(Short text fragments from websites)
***

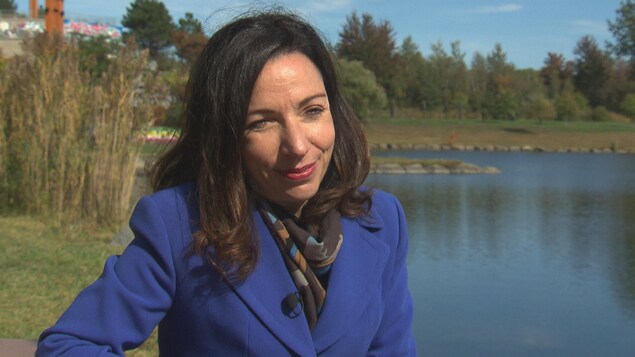 Martine Ouellet sera candidate dans Marie-Victorin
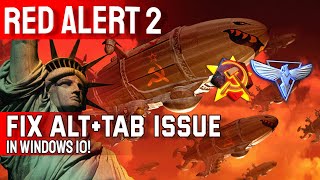 How to fix Red Alert 2 Alt Tab Issue in Windows 10 [upl. by Cassandry594]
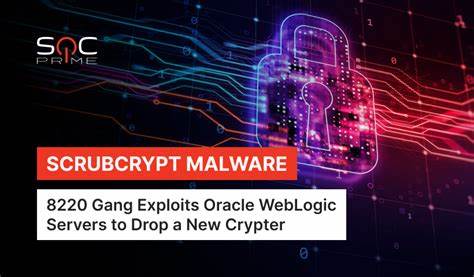 8220 Gang Exploiting Oracle WebLogic Flaw to Hijack Servers and Mine Cryptocurrency - The Hacker News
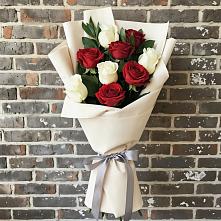 Букет цветов из:  Розы в Новопетровское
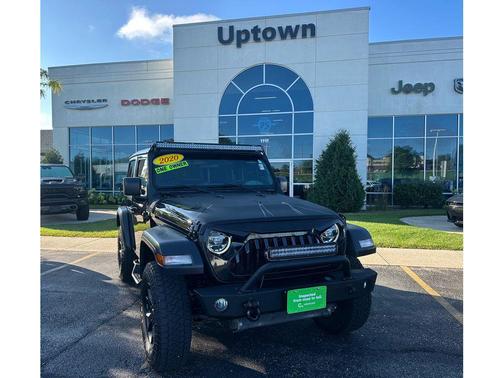 2020 Jeep Wrangler Sport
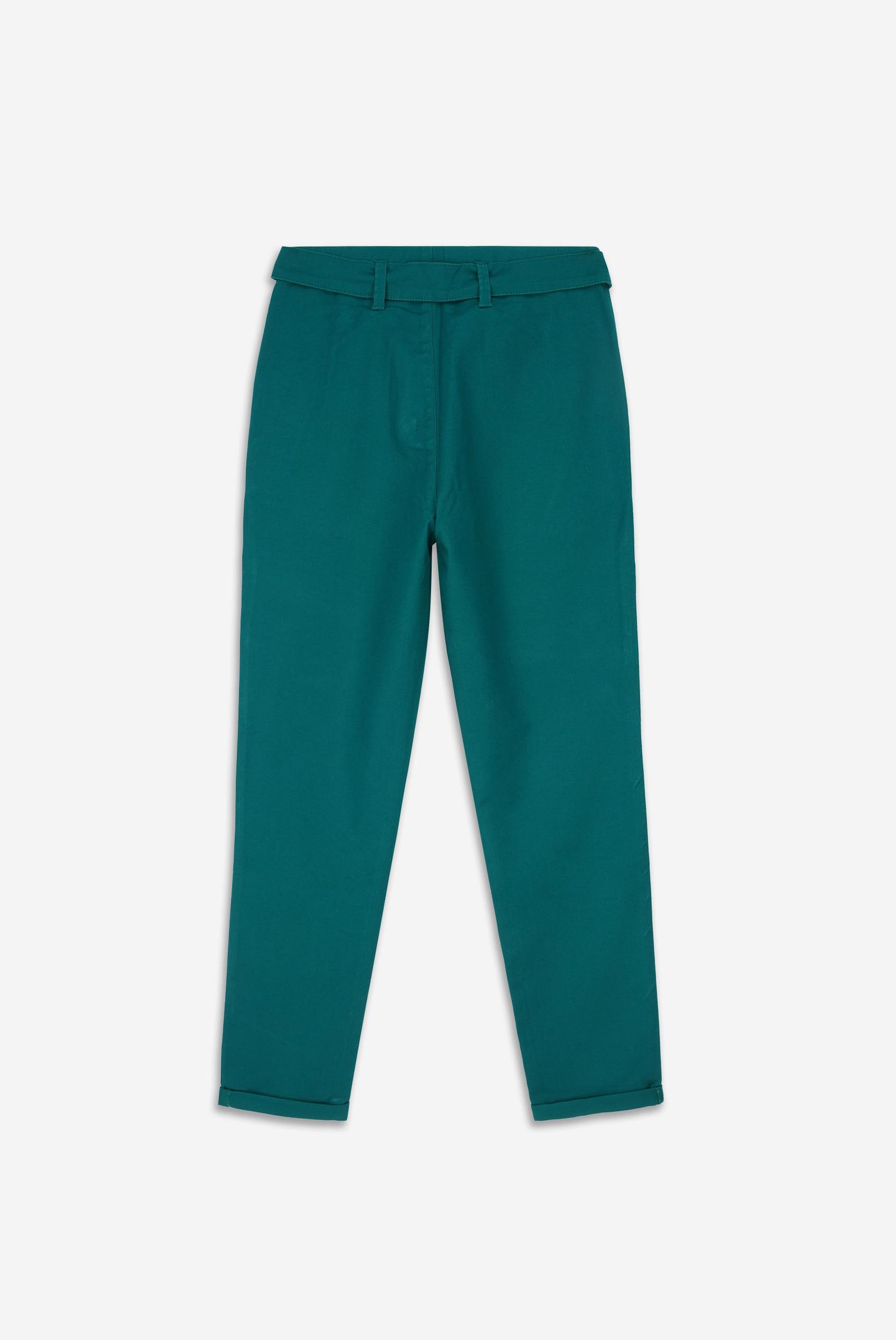 Womens Tapered Leg Trouser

***

• Required work: Could every line above be set down exactly, with the pictures omitted?

• Written solution:
 Martine Ouellet sera candidate dans Marie-Victorin
 How to fix Red Alert 2 Alt Tab Issue in Windows 10 [upl. by Cassandry594]
 8220 Gang Exploiting Oracle WebLogic Flaw to Hijack Servers and Mine Cryptocurrency - The Hacker News
 Букет цветов из:  Розы в Новопетровское
 2020 Jeep Wrangler Sport
 Womens Tapered Leg Trouser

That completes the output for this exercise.